In 2000, this station became accessible with elevators.

The Toronto Transit Commission had planned to extend Line 4 Sheppard southeast from its current terminus at  to Scarborough Centre. The 985A Sheppard East Express bus currently links the two stations, making limited stops along Sheppard Avenue. In March 2007, however, the TTC dropped this plan when it announced its Transit City proposal to build the Sheppard East LRT. The LRT proposal was later replaced by a plan to extend Line 4 eastwards from Don Mills station to McCowan Road.

Around 2011, there was a proposal to convert Line 3 to light-rail with an extension of the Eglinton Crosstown line (Line 5 Eglinton) over the Line 3 right-of-way.

In 2013, the proposal was changed to abandon the Line 3 right-of-way and build an underground extension of Line 2 Bloor–Danforth along McCowan Road. This would result in the decommissioning of all Line 3 stations beyond Kennedy station. A new Scarborough Centre station would be built east of the current station and would be oriented on a north–south alignment rather than the east–west alignment of the current station. Between 2013 and 2016, the new Scarborough Centre station was planned as a through-station. In order to save money for another transit project, the plan was revised in 2016 to make it a terminal station. However, in 2019 the plan was revised again to make the new Scarborough Centre station a through-station.

Station description

Existing station

The existing station is located north of Ellesmere Road, between Brimley and McCowan Roads; the station is elevated and oriented east–west to the south of the Scarborough Town Centre. The station is built on three levels: Line 3 is on the upper level, the mezzanine, and passenger entry from the mall and an automatic entrance from Brian Harrison Way is on the middle level (also where fares are paid to enter the station), and the bus terminal and an automatic entrance from the Scarborough Centre Bus Terminal are at ground level. There is elevator access for all the TTC services, making this station fully accessible to anyone with disabilities.

East of the current station, the Line 3 tracks continue travelling east on an elevated bridge until they reach McCowan station. West of the station, the tracks are on an elevated bridge which begins to descend after passing over Brimley Road. It continues to descend until it reaches Midland station.

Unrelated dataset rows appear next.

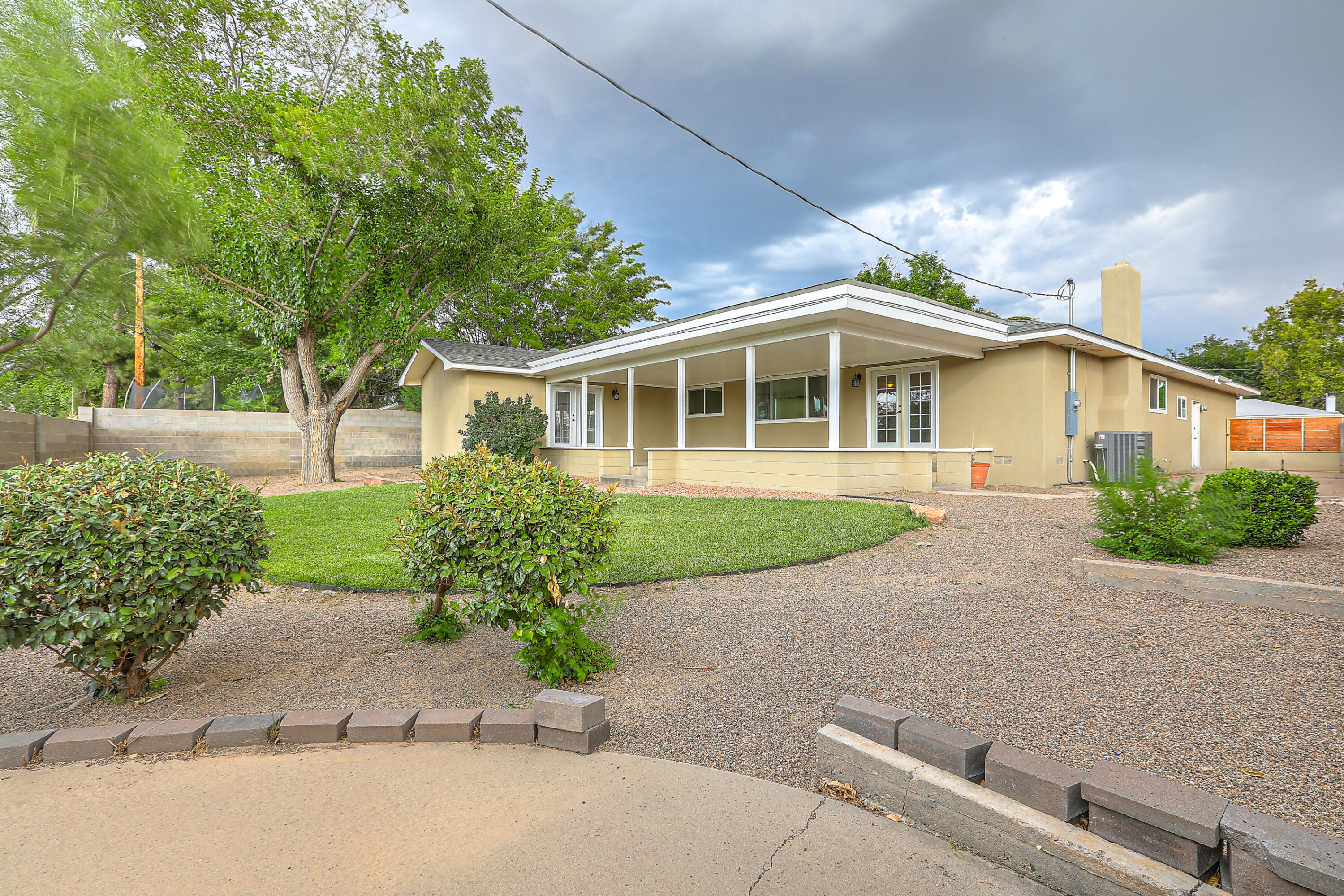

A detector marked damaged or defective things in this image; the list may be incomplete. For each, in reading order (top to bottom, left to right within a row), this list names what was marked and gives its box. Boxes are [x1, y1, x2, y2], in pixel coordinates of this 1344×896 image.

crack in concrete [747, 795, 828, 892]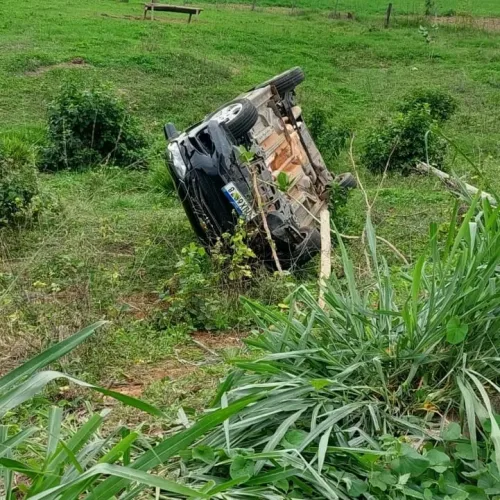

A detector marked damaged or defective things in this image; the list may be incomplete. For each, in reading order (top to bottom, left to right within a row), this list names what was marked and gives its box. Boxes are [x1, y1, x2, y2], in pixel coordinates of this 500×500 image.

overturned vehicle [164, 69, 352, 270]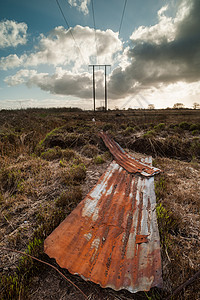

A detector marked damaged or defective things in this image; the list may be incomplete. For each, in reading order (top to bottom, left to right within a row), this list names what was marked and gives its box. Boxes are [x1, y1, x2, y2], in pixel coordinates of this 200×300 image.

rusty corrugated iron sheet [99, 131, 160, 176]
rusty metal sheet in field [99, 131, 160, 176]
rusted metal edge [99, 131, 160, 176]
rusty metal sheet in field [44, 159, 162, 292]
rusty corrugated iron sheet [44, 159, 162, 292]
rusted metal edge [44, 159, 162, 292]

The TTC plans to decommission the Line 3 portion of the existing station in 2023; however, the adjacent bus facilities will be kept in operation until 2030 with its bus bays reconfigured.

Future station
The provincial transit agency Metrolinx plans to build a new underground Scarborough Centre station parallel to McCowan Road along a planned extension of Line 2 Bloor–Danforth. The new station will be on a north–south alignment to the east of Scarborough Town Centre. The new station will have a new Scarborough Centre Bus Terminal serving TTC and GO Transit buses as well as the Durham Region Transit bus rapid transit line. The new station will be located  east of the current station, on the east side of McCowan Road north of the Line 3 right-of-way next to the site of McCowan station. The new station and bus terminal are expected to open in 2030.

Nearby landmarks
Located in Scarborough City Centre, nearby landmarks include the Scarborough Town Centre shopping mall, Scarborough Civic Centre, Albert Campbell Square, Canada Centre government offices, and Scarborough YMCA.

Surface connections

Toronto Transit Commission 

TTC routes serving the station include:

Other operators

Scarborough Centre station is also home to the Scarborough Centre Bus Terminal which is located directly east of the TTC bus platform. It is served by GO Transit, Megabus (Coach Canada), and TOK Coachlines (formerly Can-ar Coach Service).  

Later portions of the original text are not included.